511_IL FIGLIO DI SAUL (Saul Fia); Ungheria, 2015. Regia di Làszlò Nemes.
E’ sempre arduo l’approccio ad un film sull’Olocausto: è una
tragedia immane, quindi difficile da maneggiare,
sia per lo spettatore, ma ancor più per il regista. La componente storica è di
una tale portata, che diventa complicato sovrapporvi un trama, un canovaccio,
per rendere seguibile la pellicola; a meno di non fare un documentario storico, ma anche lì bisognerebbe capire se il
mostrare semplicemente immagini può bastare a rendere efficacemente l’immensità
dell’orrore dei lager. In ogni caso Il
figlio di Saul non è certo un documentario storico. Il film, opera prima
del regista Làszlò Nemes, è anzi qualcosa di diametralmente opposto: se un
documentario dovrebbe dare una visione oggettiva, distaccata, quello di Nemes è
un viaggio fianco fianco al protagonista, il Saul (Géza Röhrig, molto efficace
nella parte) del titolo; anzi, più che a fianco, il film ce lo fa tallonare da
vicinissimo, attaccati alle sue spalle o, in alternativa, proprio guardandolo
sull’inespressivo volto, ma sempre a distanza ravvicinata. La scelta del
formato 4:3 non ci lascia nessuno scampo: siamo a faccia faccia con Saul. L’idea
di Nemes è, cinematograficamente, geniale: per mostrare quello che non è
mostrabile, sceglie di puntare principalmente la macchina da presa non sui
forni o sui corpi degli ebrei uccisi, ma sul volto di un testimone oculare.

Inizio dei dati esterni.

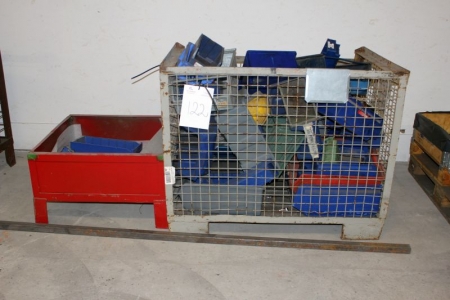 Cage pallet with assortment boxes + steel cage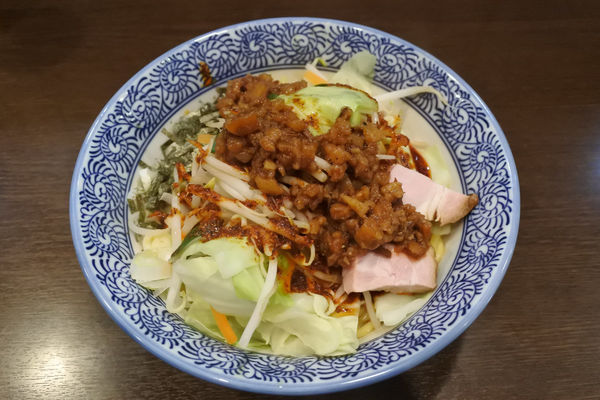 「鰹だし油辛そば￥８５０」@麺や 旅凮車の写真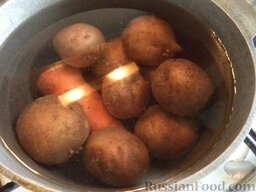 Салат из квашеной капусты "Зимний": Картофель и морковь помыть. Выложить в казанок, залить холодной водой. Казанок поставить на огонь, довести до кипения. Варить на небольшом огне овощи до готовности (около 20 минут). Воду слить, овощи охладить.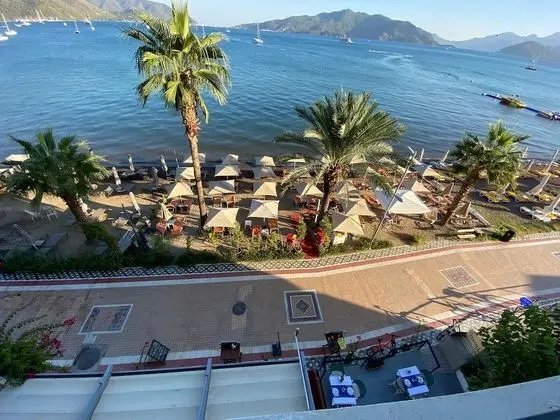 REIS BEACH HOTEL&RESTAURANT - Dış Mekan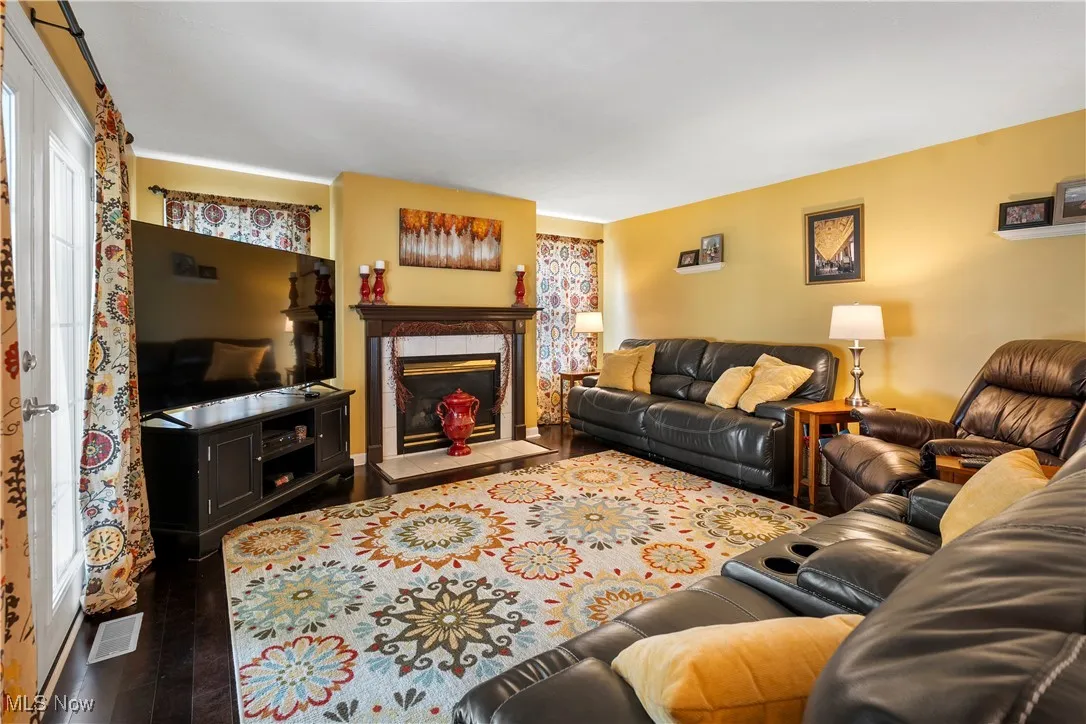 4611 8th Avenue, Vienna, West Virginia,MLS Now Listing ID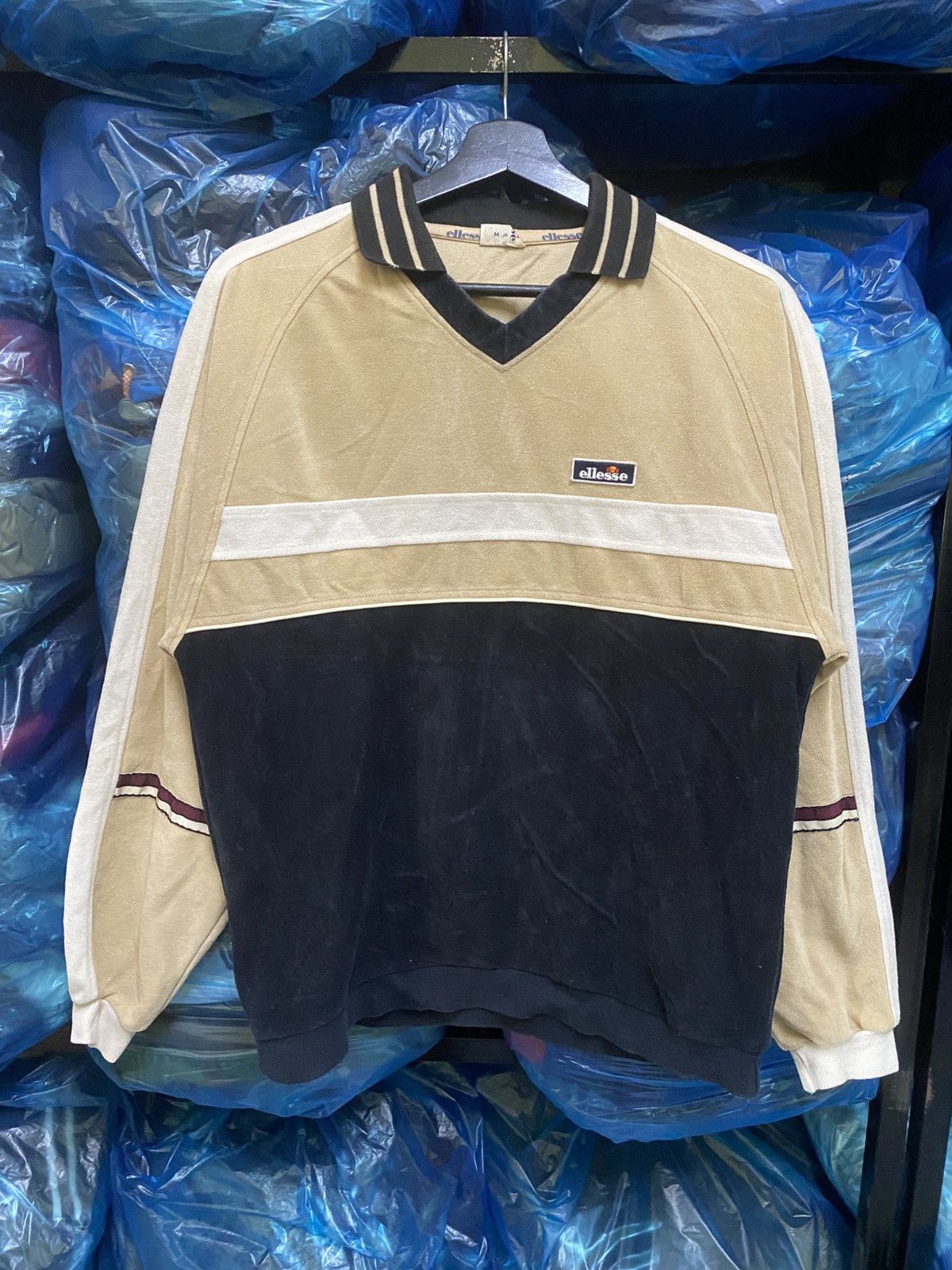 Ellesse Vintage Ellesse Japan-Made Velour Polo Beige Black Size US S / EU 44-46 / 1 - 1 Thumbnail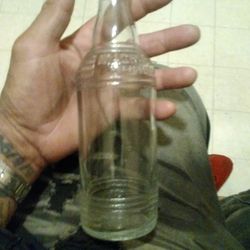 Vintage Niagra- Dry Glass Bottle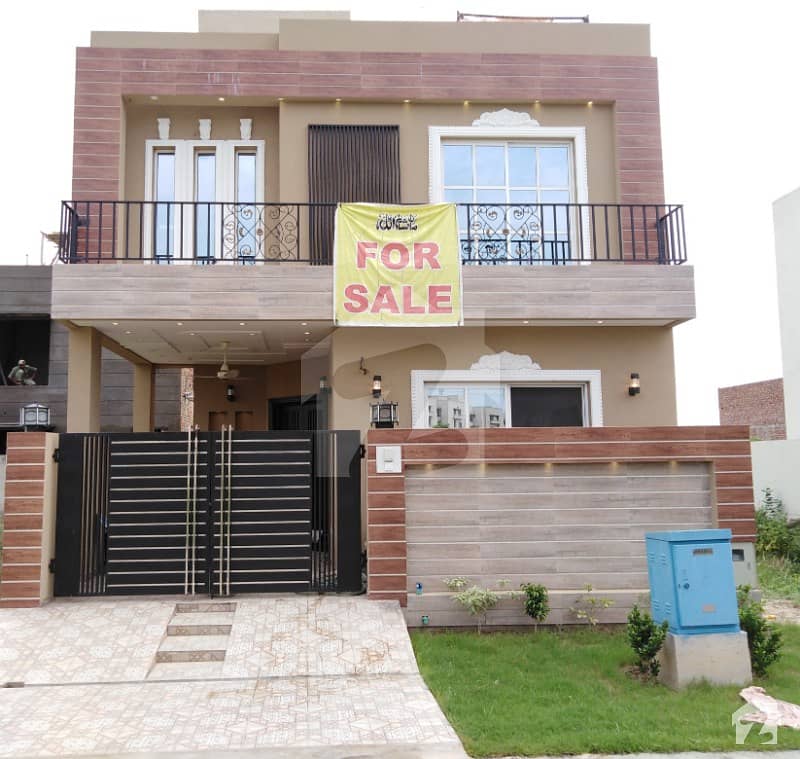 5 Marla Out Class Stylish Luxury House For Sale In DHA  phase 6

L’indifferenza apatica di Saul, la sua disumanizzazione, è resa magistralmente
dalla messa in scena del regista, che non ci concede nessuna tregua, proprio
come non erano concesse ai membri del Sonderkommando,
sorta di collaborazionisti ebrei operanti nei lager di cui il protagonista fa
parte.
Non c’è nessuna storia da raccontare, in questo film; come Saul siamo
costretti in un autentico inferno, e non c’è nessuna speranza, nessun fine da
perseguire. Il tentativo di rivolta, che potrebbe avere un senso narrativo,
viene vissuto con totale indifferenza da Saul, che ha però un sussulto quando
si impone di dare degna sepoltura al corpo di ragazzo in un primo momento
scampato alle camere a gas (e poi finito da un dottore nazista). Quel ragazzo
per Saul diventa suo figlio, in un tentativo estremo di riprendersi un po’ di
umanità, e un funerale un minimo degno di questo nome diventa più importante di
qualsiasi ribellione armata.
L’apparente non-senso
di quella scelta, sacrificare tutto per una cerimonia funebre, e quindi di
scarso significato pratico, vale ancora oggi come monito: misurare tutto in
termini di convenienza, può farci
perdere la nostra umanità. E questo, alla fin fine, sarebbe assai meno conveniente di quanto ci possano
apparire anche quelle spiacevoli conseguenze di alcune scelte che il nostro
senso etico/morale dovrebbe sempre imporci. L’Olocausto, con i registri di
Adolf Eichmann ben documentati e i conti in perfetto ordine, le teorie sulla
soluzione finale, nella loro distorta ottica anche deduttive se non
propriamente logiche, ma lo stesso fenomeno delle idee naziste, sviluppatesi
nella culla della cultura legata alla ragion pura, sono tutti elementi che
devono tenerci sempre in guardia.
La ragione, (e tutti i suoi derivati, buon senso,
convenienza, e perfino una sua deviazione come l’opportunismo), deve essere
sempre soggetta all’etica.
E’ un insegnamento validissimo nel nostro quotidiano. Certo, i tempi odierni, per
quanto complicati non possono competere con quelli vissuti da Saul ma, di
fronte a quello a cui assistiamo, la nostra indifferenza ha un velo che ricorda
la sua prima della cruciale e salvifica scelta.